-- EXERCISE DIRECTIONS --
The pictures are to be left out when the listing below is reproduced word for word.

-- DATA FOR PROCESSING --
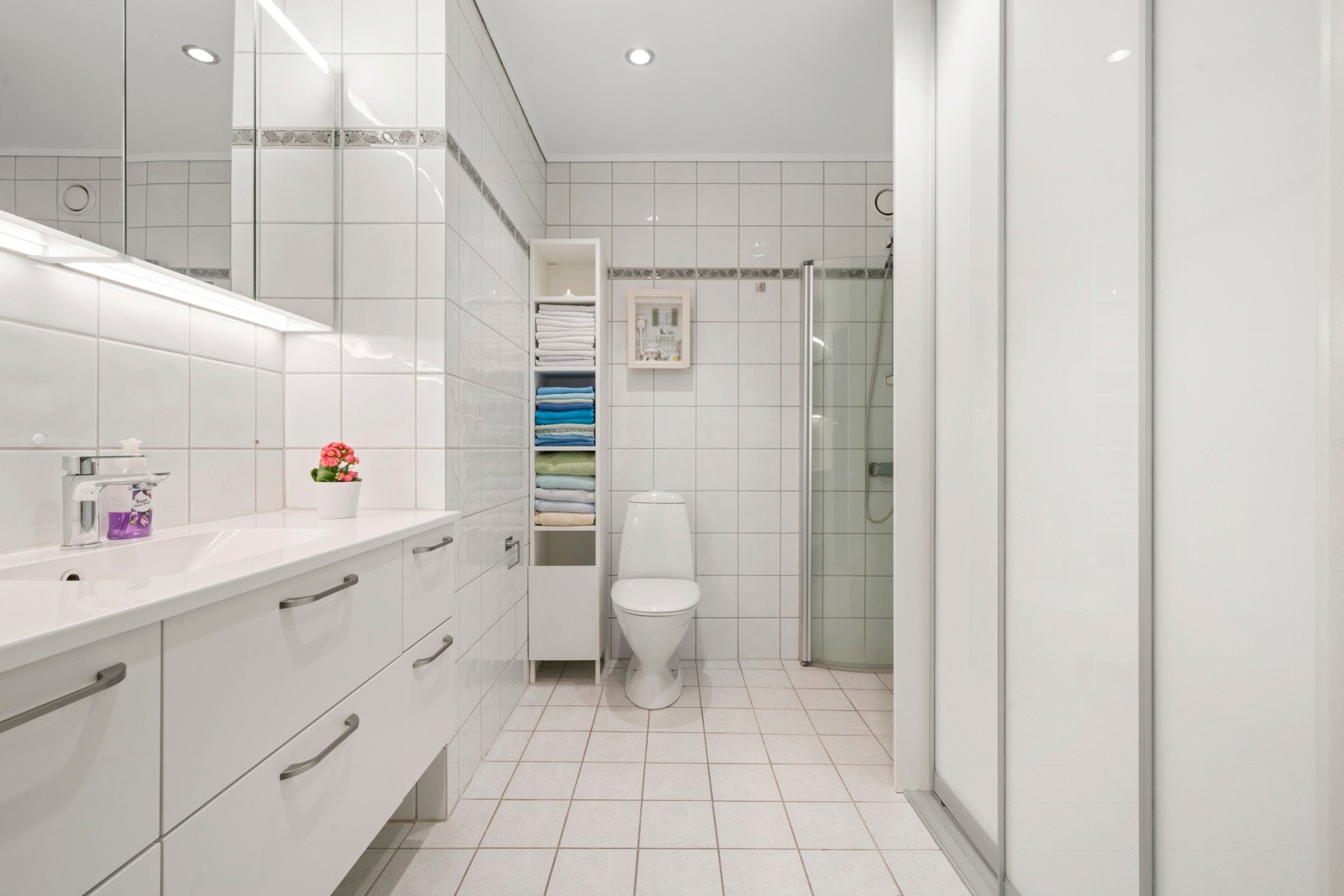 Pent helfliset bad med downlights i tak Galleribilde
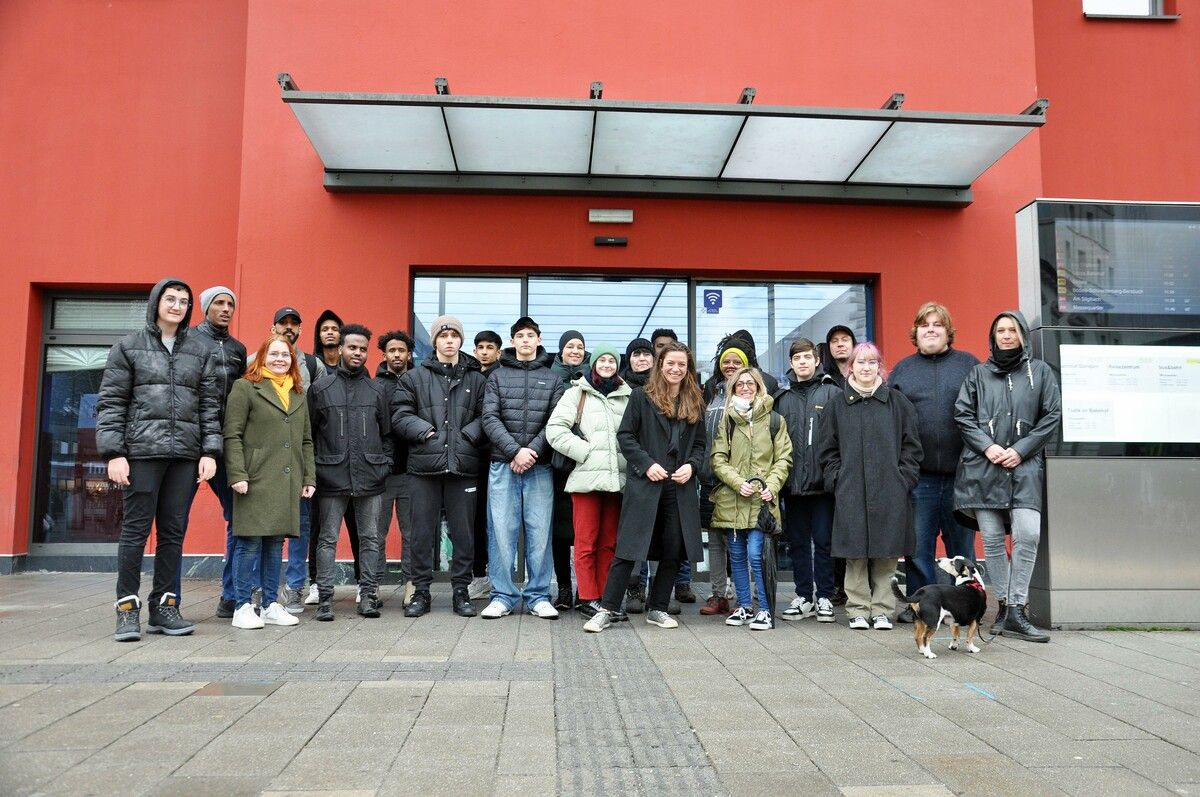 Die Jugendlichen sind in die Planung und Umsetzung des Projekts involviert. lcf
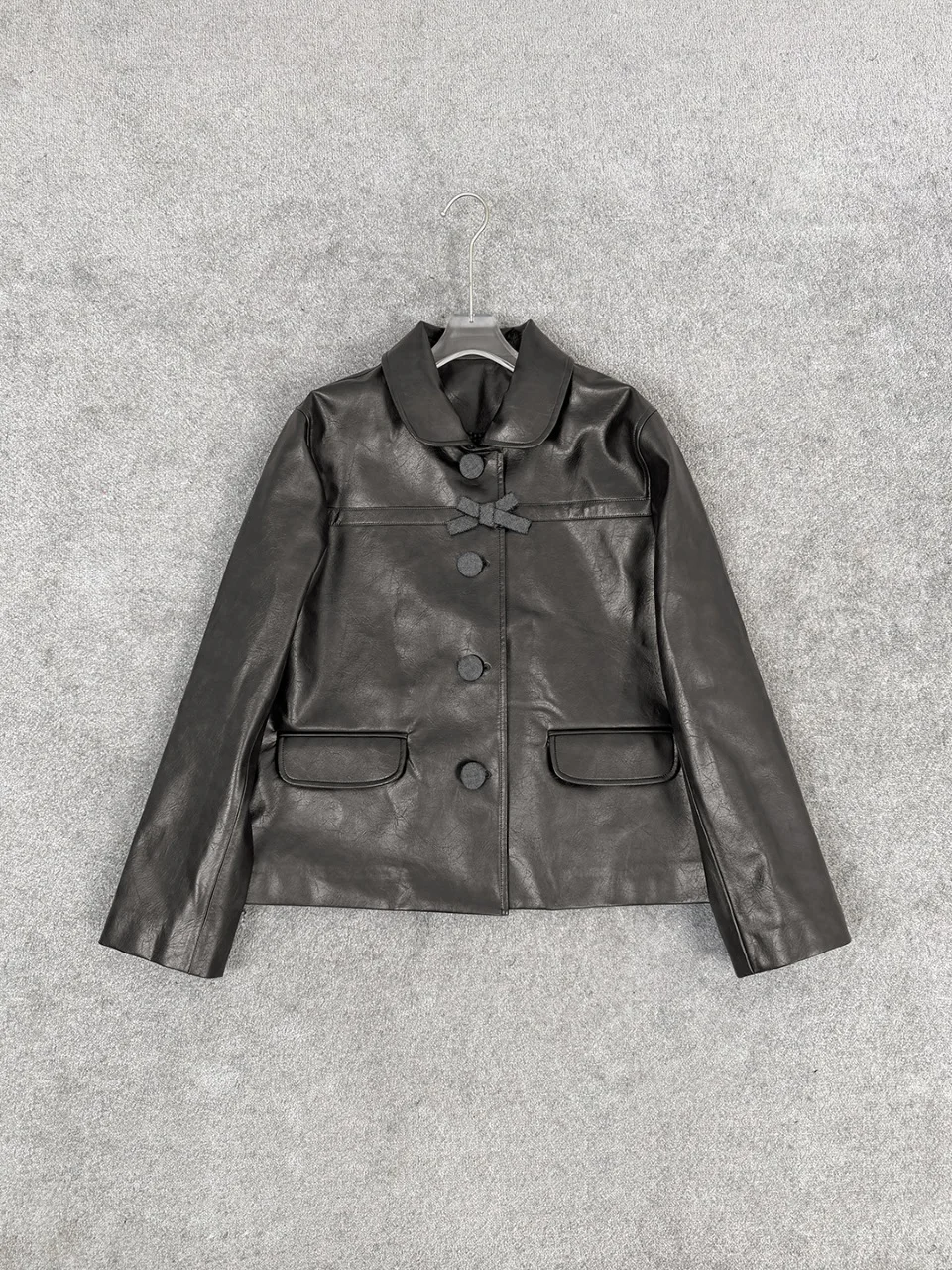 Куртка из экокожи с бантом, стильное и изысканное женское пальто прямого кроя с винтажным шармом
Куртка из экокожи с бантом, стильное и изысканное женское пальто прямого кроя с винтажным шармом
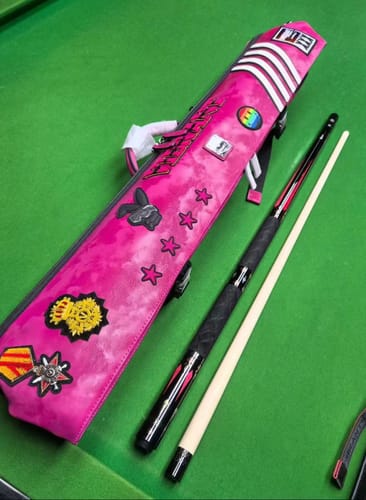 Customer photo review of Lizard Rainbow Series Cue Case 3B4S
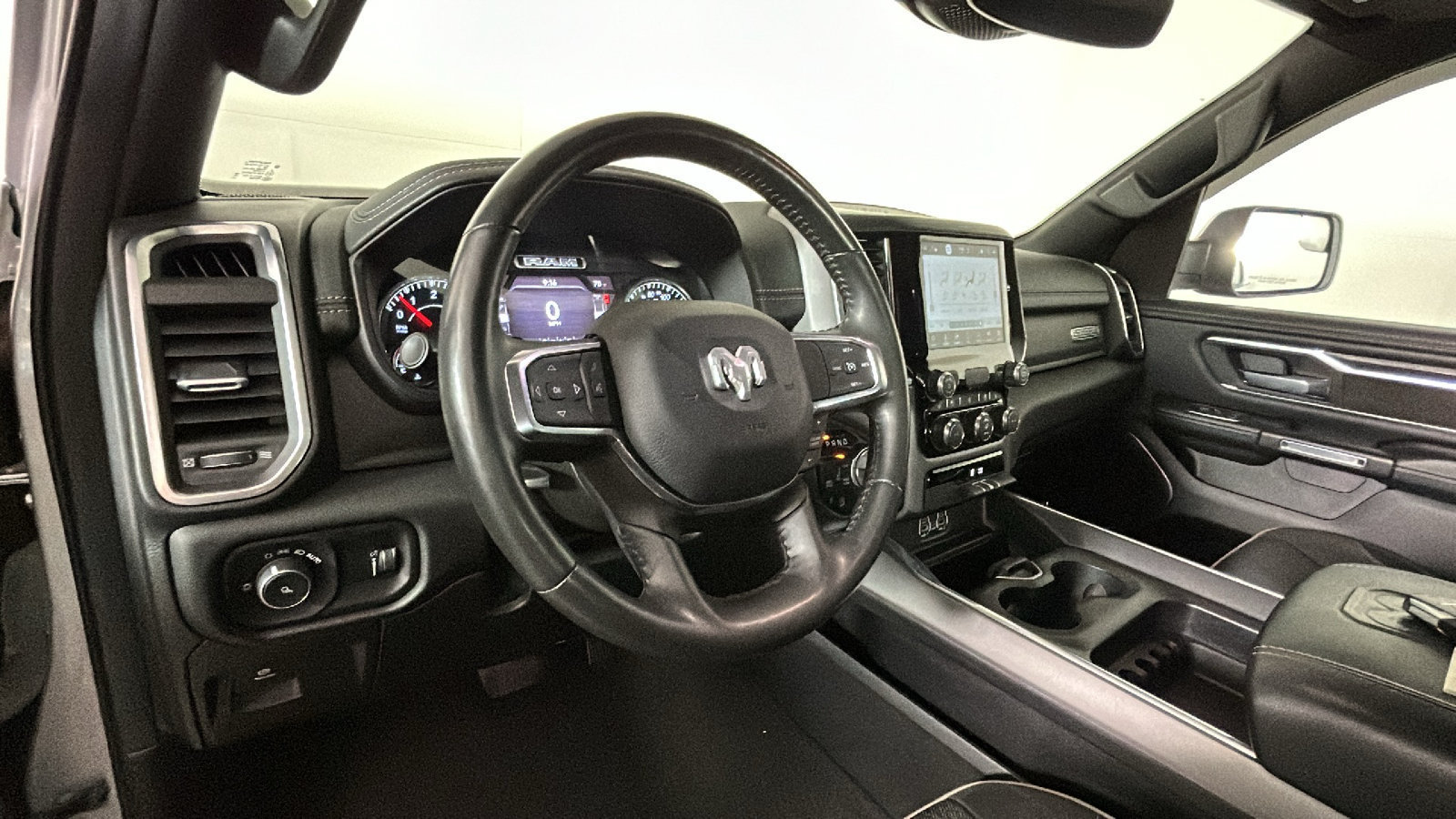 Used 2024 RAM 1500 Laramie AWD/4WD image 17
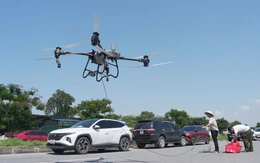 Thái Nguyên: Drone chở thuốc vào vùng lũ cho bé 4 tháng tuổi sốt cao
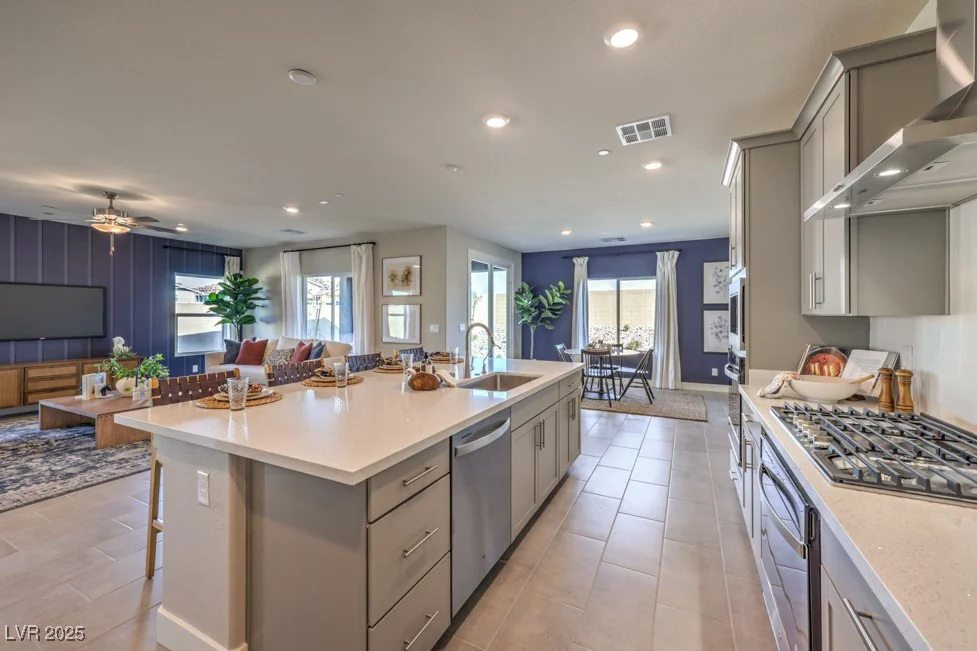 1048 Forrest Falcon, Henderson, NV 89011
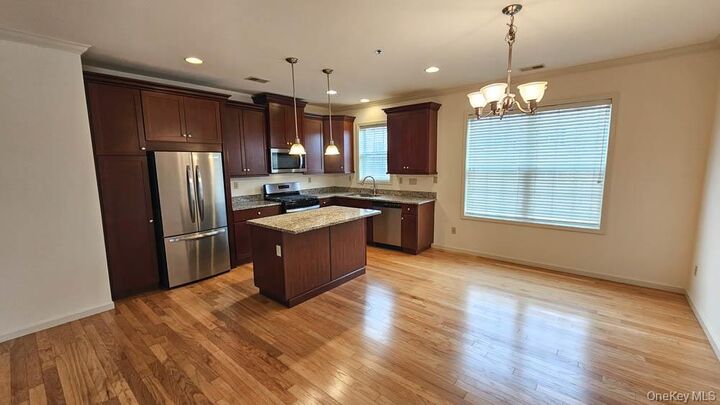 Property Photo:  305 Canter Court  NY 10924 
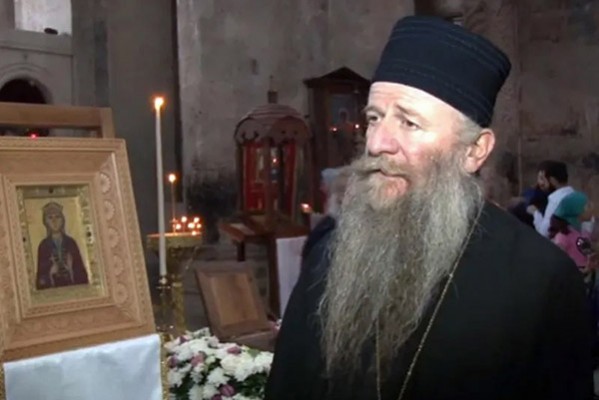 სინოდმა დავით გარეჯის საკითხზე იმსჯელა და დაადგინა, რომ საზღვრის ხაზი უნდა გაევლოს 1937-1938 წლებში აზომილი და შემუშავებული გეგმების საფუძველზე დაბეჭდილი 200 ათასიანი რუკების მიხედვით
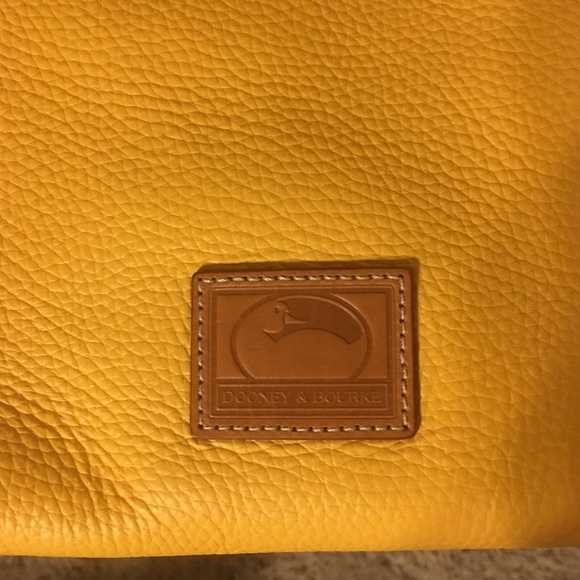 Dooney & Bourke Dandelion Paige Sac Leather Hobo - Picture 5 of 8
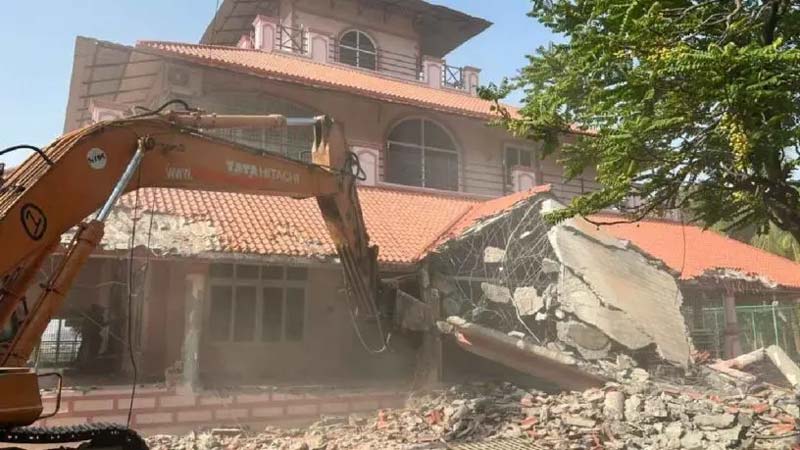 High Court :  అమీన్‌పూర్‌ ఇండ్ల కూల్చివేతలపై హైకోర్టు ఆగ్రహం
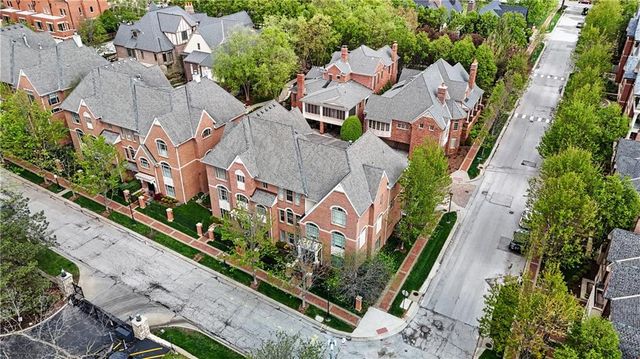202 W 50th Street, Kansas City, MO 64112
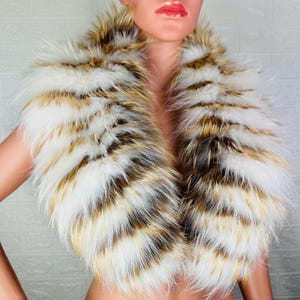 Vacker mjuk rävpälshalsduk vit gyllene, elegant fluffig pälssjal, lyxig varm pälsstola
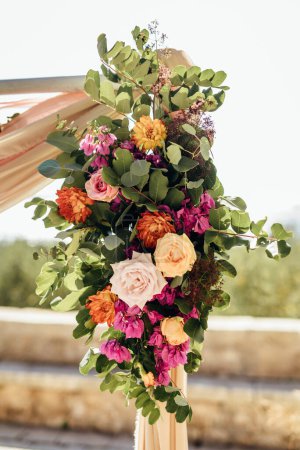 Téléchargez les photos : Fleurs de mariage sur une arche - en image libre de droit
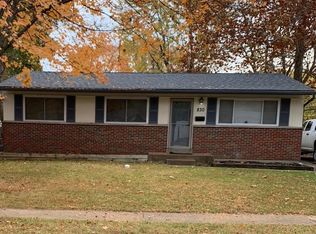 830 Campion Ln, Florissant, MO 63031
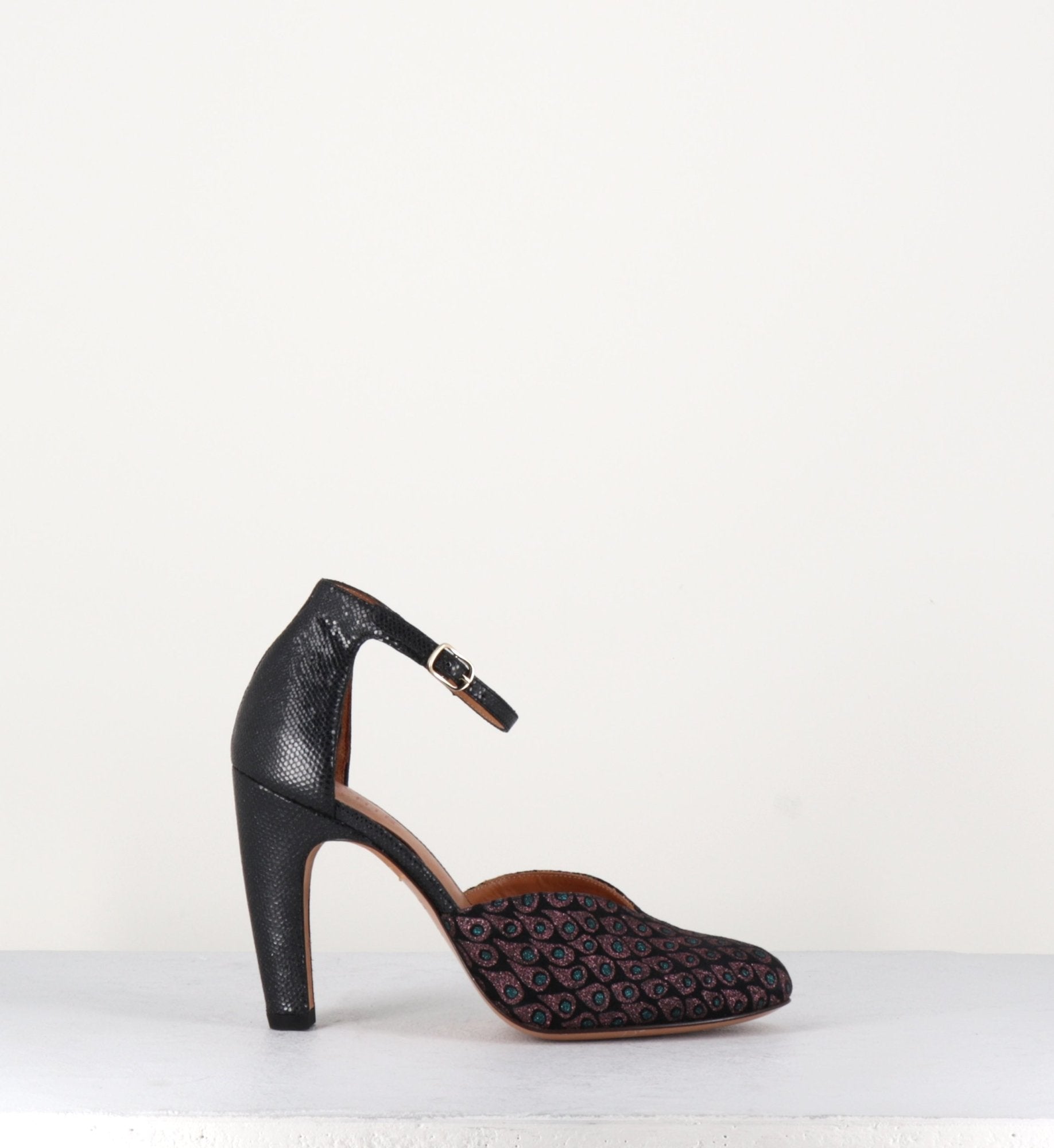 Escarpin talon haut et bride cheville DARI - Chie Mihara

-- RESPONSE AREA --
 Pent helfliset bad med downlights i tak Galleribilde
 Die Jugendlichen sind in die Planung und Umsetzung des Projekts involviert. lcf
 Куртка из экокожи с бантом, стильное и изысканное женское пальто прямого кроя с винтажным шармом
Куртка из экокожи с бантом, стильное и изысканное женское пальто прямого кроя с винтажным шармом
 Customer photo review of Lizard Rainbow Series Cue Case 3B4S
 Used 2024 RAM 1500 Laramie AWD/4WD image 17
 Thái Nguyên: Drone chở thuốc vào vùng lũ cho bé 4 tháng tuổi sốt cao
 1048 Forrest Falcon, Henderson, NV 89011
 Property Photo:  305 Canter Court  NY 10924 
 სინოდმა დავით გარეჯის საკითხზე იმსჯელა და დაადგინა, რომ საზღვრის ხაზი უნდა გაევლოს 1937-1938 წლებში აზომილი და შემუშავებული გეგმების საფუძველზე დაბეჭდილი 200 ათასიანი რუკების მიხედვით
 Dooney & Bourke Dandelion Paige Sac Leather Hobo - Picture 5 of 8
 High Court :  అమీన్‌పూర్‌ ఇండ్ల కూల్చివేతలపై హైకోర్టు ఆగ్రహం
202 W 50th Street, Kansas City, MO 64112
 Vacker mjuk rävpälshalsduk vit gyllene, elegant fluffig pälssjal, lyxig varm pälsstola
 Téléchargez les photos : Fleurs de mariage sur une arche - en image libre de droit
 830 Campion Ln, Florissant, MO 63031
 Escarpin talon haut et bride cheville DARI - Chie Mihara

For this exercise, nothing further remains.